## Task brief
Your task is to return, word for word, only the lines from the line with "Ilselil - 500M" through the close of the data. Exclude all pictures.

## Raw data
——————————

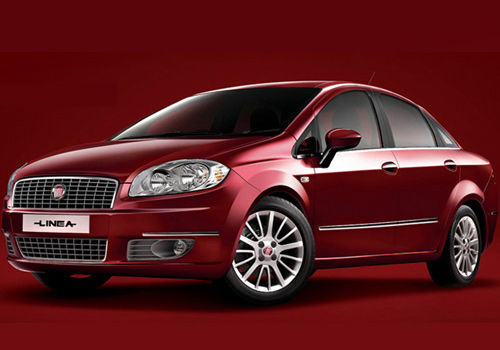 Fiat Linea - Front Angle High View Exterior Photo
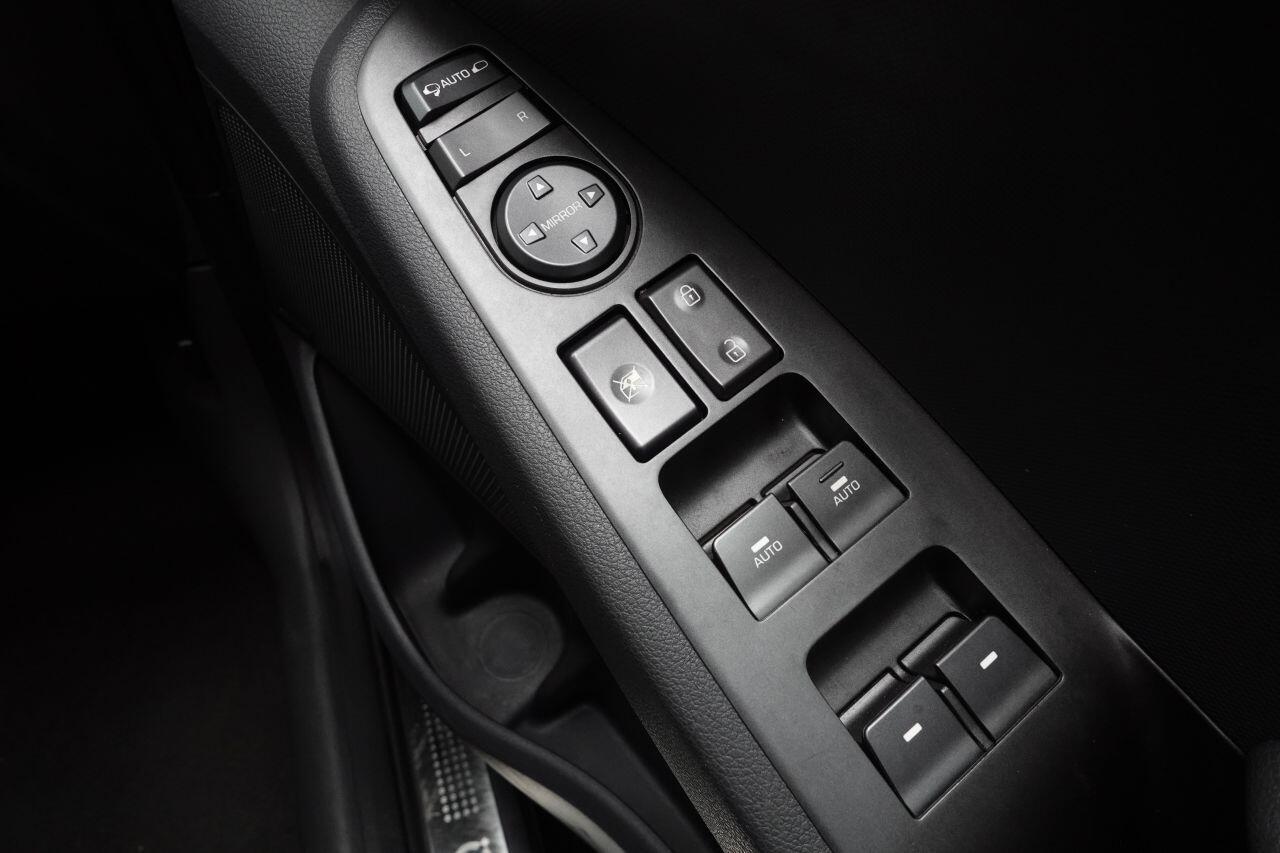 Hyundai Ioniq - Image 51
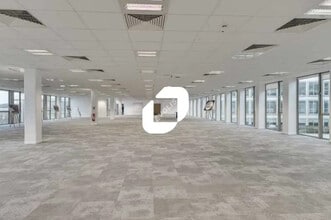 Local d’activités dans Saint-Denis à louer Photo de l’immeuble– Image 2 sur 9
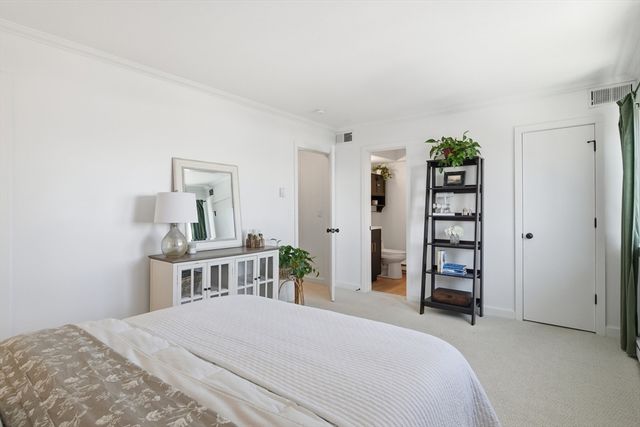 4 Pebblestone Cir 4, Suffield, CT 06078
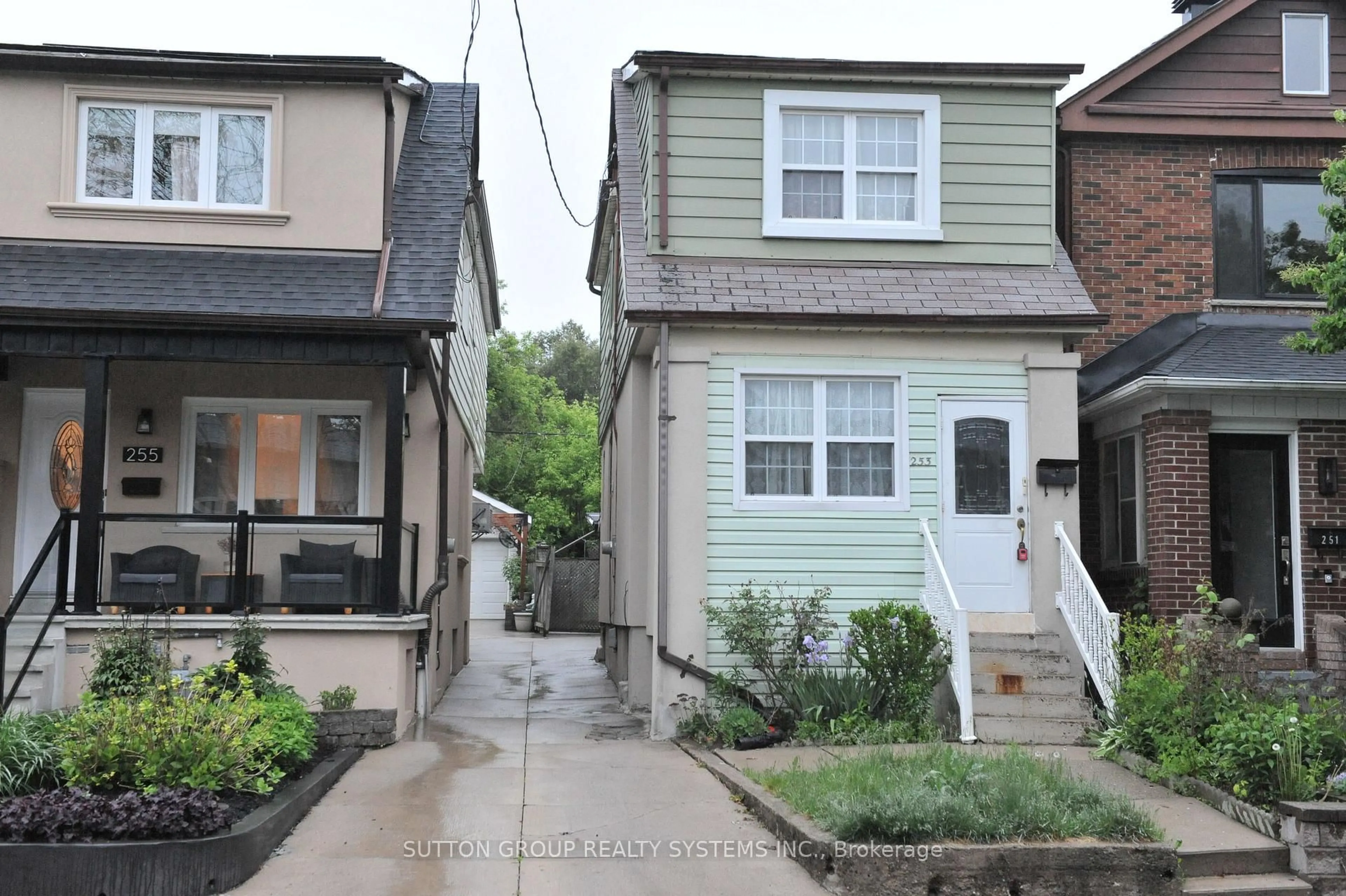 Unknown for 253 Silverthorn Ave, Toronto Ontario M6N 3K2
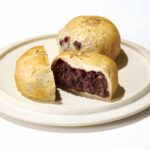 初登場する「まるごとあんこさ」の「定番つぶあんぱん」1個・381円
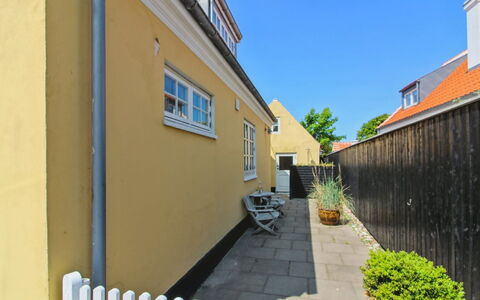 Ilselil - 500M from the Sea: Wall, Residential Area, Home, Composite Material, Slope, Driveway, Shade, Paint, Walkway, Yard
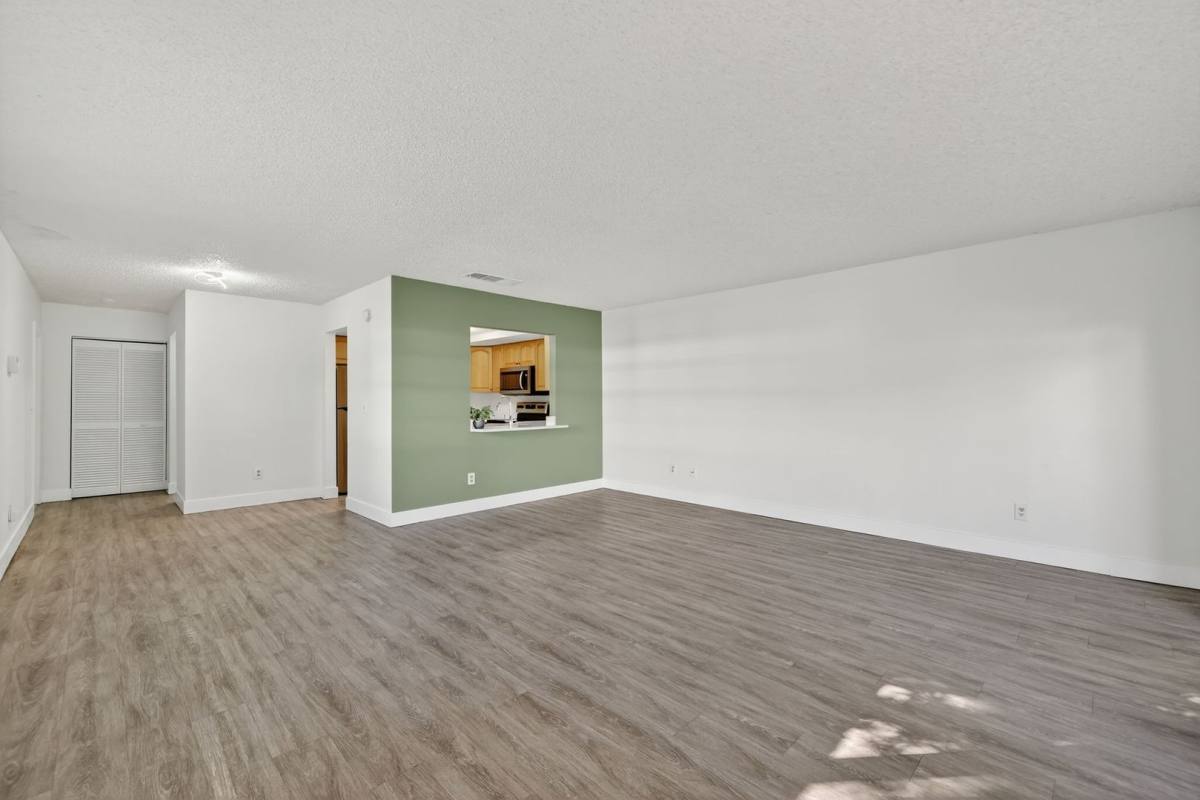 Apartment for rent at 2517 S 17th St, Fort Pierce, FL 34982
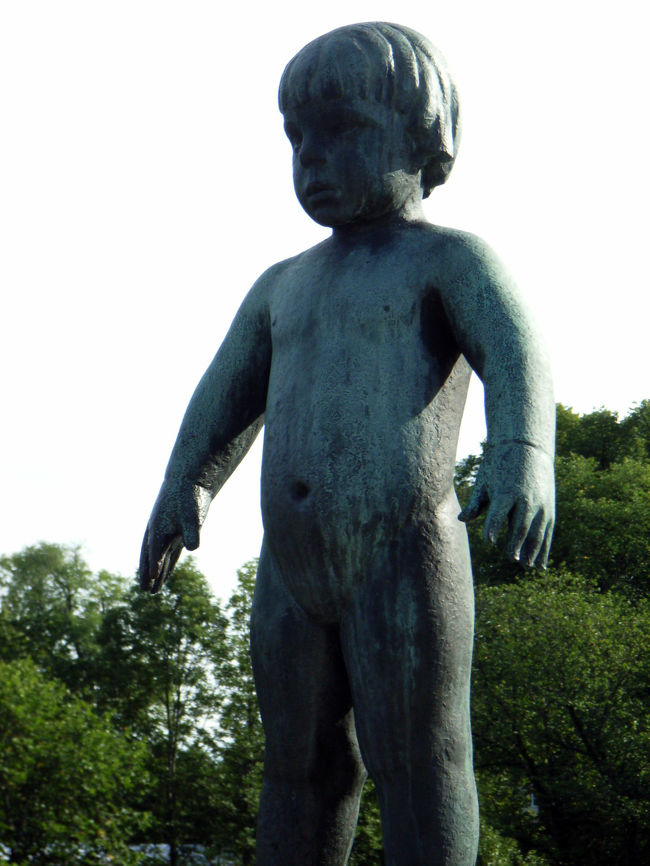 フログネル公園　ヴィーゲランの彫刻　タイトルがわかりません　キュート！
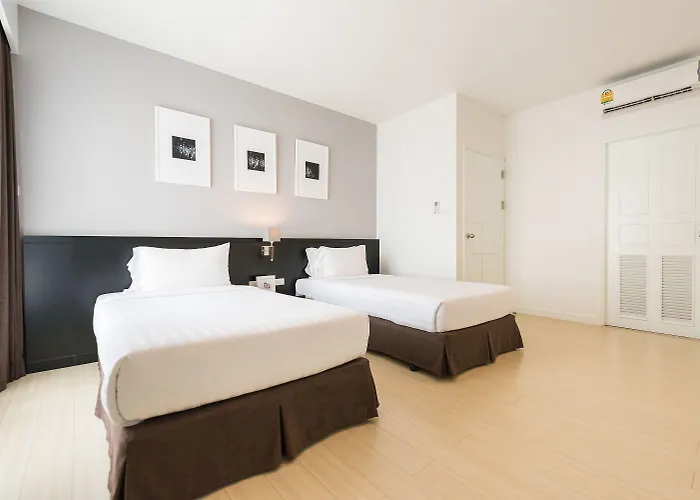 Somerset Park Suanplu Apartment *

——————————

## Response box
 Ilselil - 500M from the Sea: Wall, Residential Area, Home, Composite Material, Slope, Driveway, Shade, Paint, Walkway, Yard
 Apartment for rent at 2517 S 17th St, Fort Pierce, FL 34982
 フログネル公園　ヴィーゲランの彫刻　タイトルがわかりません　キュート！
 Somerset Park Suanplu Apartment *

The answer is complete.